* _Supplied material_
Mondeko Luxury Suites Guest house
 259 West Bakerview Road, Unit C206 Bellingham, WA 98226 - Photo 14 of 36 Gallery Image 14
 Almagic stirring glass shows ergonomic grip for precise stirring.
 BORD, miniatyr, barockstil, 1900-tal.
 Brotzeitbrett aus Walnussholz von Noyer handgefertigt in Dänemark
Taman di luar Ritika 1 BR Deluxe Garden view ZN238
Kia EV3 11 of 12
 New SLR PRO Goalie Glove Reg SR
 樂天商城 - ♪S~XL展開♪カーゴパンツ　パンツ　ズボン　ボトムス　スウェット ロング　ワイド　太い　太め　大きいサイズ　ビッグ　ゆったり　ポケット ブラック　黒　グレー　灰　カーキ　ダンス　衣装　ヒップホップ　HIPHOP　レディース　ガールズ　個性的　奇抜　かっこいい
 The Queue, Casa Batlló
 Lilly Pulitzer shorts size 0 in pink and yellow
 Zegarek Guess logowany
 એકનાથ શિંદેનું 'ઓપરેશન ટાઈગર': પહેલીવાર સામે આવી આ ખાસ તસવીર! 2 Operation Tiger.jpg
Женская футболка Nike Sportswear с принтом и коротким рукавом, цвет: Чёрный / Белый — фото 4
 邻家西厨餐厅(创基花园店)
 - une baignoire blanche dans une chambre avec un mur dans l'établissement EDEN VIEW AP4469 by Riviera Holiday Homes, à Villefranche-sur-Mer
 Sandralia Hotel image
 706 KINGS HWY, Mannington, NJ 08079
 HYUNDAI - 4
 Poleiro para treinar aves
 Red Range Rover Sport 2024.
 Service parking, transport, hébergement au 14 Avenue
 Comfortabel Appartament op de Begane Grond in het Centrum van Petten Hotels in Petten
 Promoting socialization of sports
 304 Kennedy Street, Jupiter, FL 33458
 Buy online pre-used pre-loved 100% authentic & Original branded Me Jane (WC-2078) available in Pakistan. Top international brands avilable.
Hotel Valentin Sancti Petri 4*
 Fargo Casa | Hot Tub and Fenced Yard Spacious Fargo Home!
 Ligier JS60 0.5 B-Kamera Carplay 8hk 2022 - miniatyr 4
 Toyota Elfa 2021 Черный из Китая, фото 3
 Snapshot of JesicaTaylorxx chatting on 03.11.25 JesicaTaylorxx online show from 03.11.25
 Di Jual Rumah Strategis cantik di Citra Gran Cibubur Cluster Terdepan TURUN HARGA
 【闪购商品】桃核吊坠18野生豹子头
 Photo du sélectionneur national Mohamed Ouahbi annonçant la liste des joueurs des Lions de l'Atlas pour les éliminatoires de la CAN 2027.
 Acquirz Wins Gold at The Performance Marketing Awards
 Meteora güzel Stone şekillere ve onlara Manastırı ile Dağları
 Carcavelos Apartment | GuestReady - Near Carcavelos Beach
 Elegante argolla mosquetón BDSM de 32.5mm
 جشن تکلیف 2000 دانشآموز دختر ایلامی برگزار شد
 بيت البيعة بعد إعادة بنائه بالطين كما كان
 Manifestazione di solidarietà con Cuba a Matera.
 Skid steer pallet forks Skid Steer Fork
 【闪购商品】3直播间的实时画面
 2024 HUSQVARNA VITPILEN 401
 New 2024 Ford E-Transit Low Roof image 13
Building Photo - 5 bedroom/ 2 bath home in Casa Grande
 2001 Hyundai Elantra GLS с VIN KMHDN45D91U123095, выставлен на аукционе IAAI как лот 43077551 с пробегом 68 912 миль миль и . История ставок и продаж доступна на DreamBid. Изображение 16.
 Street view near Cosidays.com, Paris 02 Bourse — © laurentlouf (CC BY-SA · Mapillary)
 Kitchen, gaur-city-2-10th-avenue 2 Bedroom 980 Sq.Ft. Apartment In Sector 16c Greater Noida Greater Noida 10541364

* _What you need to do_
Count the lines above that include the string "Apartment". Write only the number.

* _Answer to the problem_
2